そんなことを話しながら歩いていると、流石は男子高校生、各々が自由に遊び始める。


「わたがし買ってくるわ!」

「見て見て、お面ー」

「え、たこ焼きめっちゃ美味い!」


自由人三人を「落ち着け!」と必死にまとめる暁人くん。僕らは互いに目を見合わせて笑っていた。


「大鳳さん、良い思い出はできましたか?」


僕が聞くと、


「それ、普通は私のセリフじゃない?」


と苦笑いされた。確かにそうかもしれない。


「うん、楽しかった。久しぶりに、普通の女子高生やっていた気がする。ありがとう」

「それはよかったです」

「朱雀ちゃんは幸希くんが好きなの?」

「ふぇっ!?」


唐突な舞衣さんの発言に、大鳳さんは顔を赤く染める。驚いた。そうなのか。


「い、いや、べ、別にぃ……?」

「誤魔化さなくても良いのに。そりゃあ自分を救ってくれたヒーローだし、惚れるのも仕方のないことよ」

「いやいやいや! まさか一般人に? 惚れるとか!? あり得ないんだけど!!」


「我々、大抵は一般人と結婚しますけどね」と言おうとしたが、グッと堪える。ここはきっと舞衣さんに任せた方が話がよく進む。


「いいじゃない。連絡先、交換すれば?」

「でも……迷惑かけちゃうし……」

「あら、朱雀ちゃんは高校生なのよ? 今ある青春を楽しまなくちゃ!」

「私は従者として……その……」

「向こうからすればただの女の子よ! 何より彼は事情を知っている。優良物件じゃない?」

「そうだけどぉ……」

「大丈夫! きっと上手くいくわよ! ねぇ、優司くん?」


突然、話を振られて咄嗟に親指を立てる。僕はみんなが幸せならそれで良い。特にまだ子どもである彼女にはいろいろと楽しんで欲しい。

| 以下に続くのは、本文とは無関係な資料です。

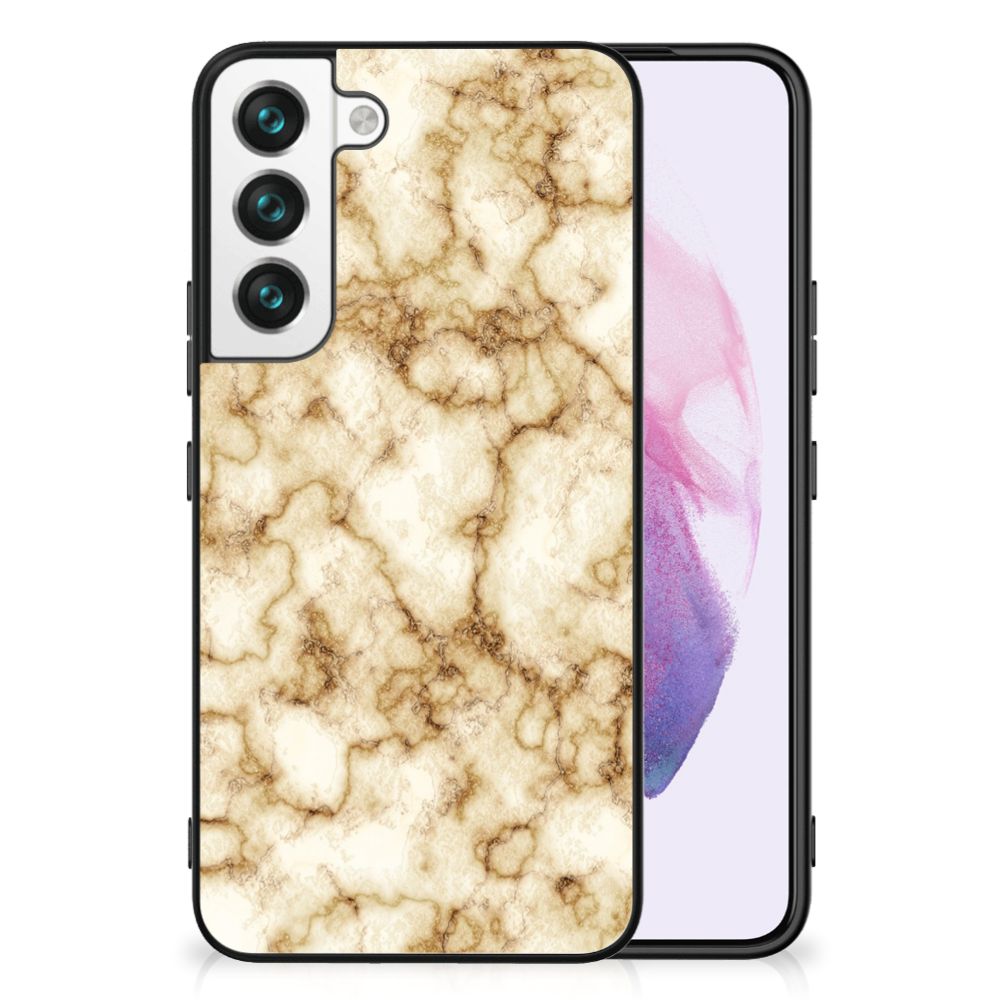 Samsung Galaxy S22 Marmeren Print Telefoonhoesje Marmer Goud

「最後のチャンスよ。優司くんの許可も出た。最高権力者が許可したのだから、それはもう、誰がなんと言おうとオーケーよ!」


「行って来な」と、大鳳さんの背中を押す舞衣さんはとても楽しそうだった。

 始めはおずおずとしていた大鳳さんも、覚悟を決めたように幸希くんに近づいて、仲良さげに話をしている。遠くから、二人が携帯を取り出して何かしていた様子を見ると、どうやら、上手くいっているようだ。


「ありがとうございます」


僕が舞衣さんにお礼を言うと、舞衣さんは


「神守一門は恋愛に消極的みたいね」


と意地悪に笑って返された。ごもっともだ。心当たりが多くて、何も言い返せない。


「私は幸せになれたから、そのお裾分け」


彼女は僕の腕を両手で抱き締めると、いつもの微笑みを僕に向けた。あぁ、幸せだな。僕も、自然とそう思える。

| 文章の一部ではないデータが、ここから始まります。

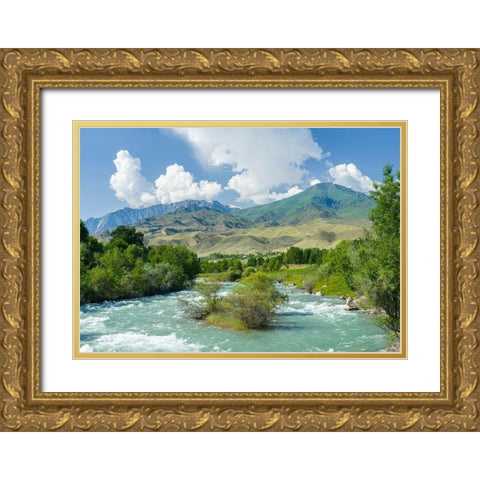 Landscape near Toktogul close to Tien Shan Highway-connecting Bishkek with Osh Gold Ornate Wood Framed Art Print with Double Matting by Zwick, Martin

 僕らは星の輝く空の下の賑わいの中で、互いを見失わないように寄り添って歩いた。


 みんなと別れてからわずか三分。携帯が鳴る。


『各自、別行動しよう』


暁人くんからのメール。おそらくバレたのだと思う。僕らのことも、幸希くんたちのことも。


「これで心置きなく一緒に楽しめるね」


これが彼女の作戦だったとしたら、恐ろしい。


 驚きで固まっていると、少し離れた所から、子どもの泣き声が聞こえて来た。二人同時に、咄嗟にその声の方へ走る。

 実際に行ってみれば、射的コーナーで泣いている女の子がいた。お父さんが困っている様子だったため、おそらく欲しいものが上手く取れなかったのだろう。


「優司くん、やってあげたら?」


舞衣さんの提案に、軽く頷くと


「お嬢さん、どれが欲しいの?」


僕は女の子に目線を合わせ、なるべく優しく、丁寧に聞いてみた。が、泣き止む様子はない。


「すみません。大きな白いクマのぬいぐるみがどうしても欲しいらしくて。僕にはどうにも。あはは、すみません、本当に」


お父さんが代わりに狙いを教えてくれる。狙いさえわかれば、十分だ。


「そっか。あの白いクマさんが欲しいんだね」


女の子がコクリと頷く。確認も完了。


「では、一回、お願いします」


僕は迷いなく屋台の主にお金を払い、銃を受け取った。